• What you will do:
From the entries below, transcribe exactly the lines between the line holding "Couple sitting on" and the line holding "A plaza which", inclusive; skip all other lines.

------------------------------------------------------------

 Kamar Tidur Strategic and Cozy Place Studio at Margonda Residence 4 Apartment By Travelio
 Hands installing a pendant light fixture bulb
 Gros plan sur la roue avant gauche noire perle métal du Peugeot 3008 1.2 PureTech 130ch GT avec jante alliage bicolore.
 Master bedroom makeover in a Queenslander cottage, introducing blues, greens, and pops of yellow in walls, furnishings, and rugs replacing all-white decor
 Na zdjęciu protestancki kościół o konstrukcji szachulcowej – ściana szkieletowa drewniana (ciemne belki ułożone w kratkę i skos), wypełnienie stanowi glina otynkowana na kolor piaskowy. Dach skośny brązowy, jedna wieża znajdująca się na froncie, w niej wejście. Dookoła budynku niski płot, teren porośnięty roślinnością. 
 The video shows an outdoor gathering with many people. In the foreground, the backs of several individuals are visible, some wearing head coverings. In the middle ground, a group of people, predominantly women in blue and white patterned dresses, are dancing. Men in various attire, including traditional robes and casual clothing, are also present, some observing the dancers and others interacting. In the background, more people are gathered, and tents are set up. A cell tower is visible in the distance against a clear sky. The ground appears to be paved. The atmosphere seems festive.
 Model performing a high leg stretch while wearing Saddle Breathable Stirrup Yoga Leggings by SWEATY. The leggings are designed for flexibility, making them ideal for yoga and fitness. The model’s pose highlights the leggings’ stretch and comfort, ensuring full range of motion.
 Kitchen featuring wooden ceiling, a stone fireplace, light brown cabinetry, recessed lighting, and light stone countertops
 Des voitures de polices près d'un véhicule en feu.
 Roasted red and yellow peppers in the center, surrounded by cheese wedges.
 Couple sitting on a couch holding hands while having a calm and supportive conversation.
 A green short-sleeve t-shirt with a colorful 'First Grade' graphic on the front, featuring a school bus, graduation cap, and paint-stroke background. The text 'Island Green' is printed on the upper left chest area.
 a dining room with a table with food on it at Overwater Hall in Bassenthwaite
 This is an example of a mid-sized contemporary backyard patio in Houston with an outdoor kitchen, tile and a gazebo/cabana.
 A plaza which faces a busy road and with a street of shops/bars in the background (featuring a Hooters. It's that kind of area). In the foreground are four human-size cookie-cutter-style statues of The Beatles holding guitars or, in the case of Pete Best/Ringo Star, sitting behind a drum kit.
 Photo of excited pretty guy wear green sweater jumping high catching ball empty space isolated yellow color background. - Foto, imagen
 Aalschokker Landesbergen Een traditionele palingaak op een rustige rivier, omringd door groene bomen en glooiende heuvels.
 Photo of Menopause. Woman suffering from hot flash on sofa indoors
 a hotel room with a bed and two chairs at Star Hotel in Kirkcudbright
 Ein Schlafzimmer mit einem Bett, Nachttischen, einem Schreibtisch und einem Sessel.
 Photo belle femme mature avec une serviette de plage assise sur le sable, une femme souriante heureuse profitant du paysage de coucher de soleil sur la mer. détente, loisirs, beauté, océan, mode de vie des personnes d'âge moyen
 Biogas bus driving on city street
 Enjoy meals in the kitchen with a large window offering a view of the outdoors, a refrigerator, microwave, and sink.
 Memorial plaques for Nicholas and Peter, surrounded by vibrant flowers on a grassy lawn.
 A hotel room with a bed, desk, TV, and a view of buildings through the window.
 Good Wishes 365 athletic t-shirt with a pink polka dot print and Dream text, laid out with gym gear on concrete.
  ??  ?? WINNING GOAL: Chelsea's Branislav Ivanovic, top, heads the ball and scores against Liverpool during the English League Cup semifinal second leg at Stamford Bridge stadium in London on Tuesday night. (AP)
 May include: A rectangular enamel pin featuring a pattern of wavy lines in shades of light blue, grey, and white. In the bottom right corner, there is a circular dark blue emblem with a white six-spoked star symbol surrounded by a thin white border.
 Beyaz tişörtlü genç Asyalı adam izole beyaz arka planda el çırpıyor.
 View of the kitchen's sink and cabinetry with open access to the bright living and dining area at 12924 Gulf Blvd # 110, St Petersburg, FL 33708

------------------------------------------------------------

• Answer box:
 Couple sitting on a couch holding hands while having a calm and supportive conversation.
 A green short-sleeve t-shirt with a colorful 'First Grade' graphic on the front, featuring a school bus, graduation cap, and paint-stroke background. The text 'Island Green' is printed on the upper left chest area.
 a dining room with a table with food on it at Overwater Hall in Bassenthwaite
 This is an example of a mid-sized contemporary backyard patio in Houston with an outdoor kitchen, tile and a gazebo/cabana.
 A plaza which faces a busy road and with a street of shops/bars in the background (featuring a Hooters. It's that kind of area). In the foreground are four human-size cookie-cutter-style statues of The Beatles holding guitars or, in the case of Pete Best/Ringo Star, sitting behind a drum kit.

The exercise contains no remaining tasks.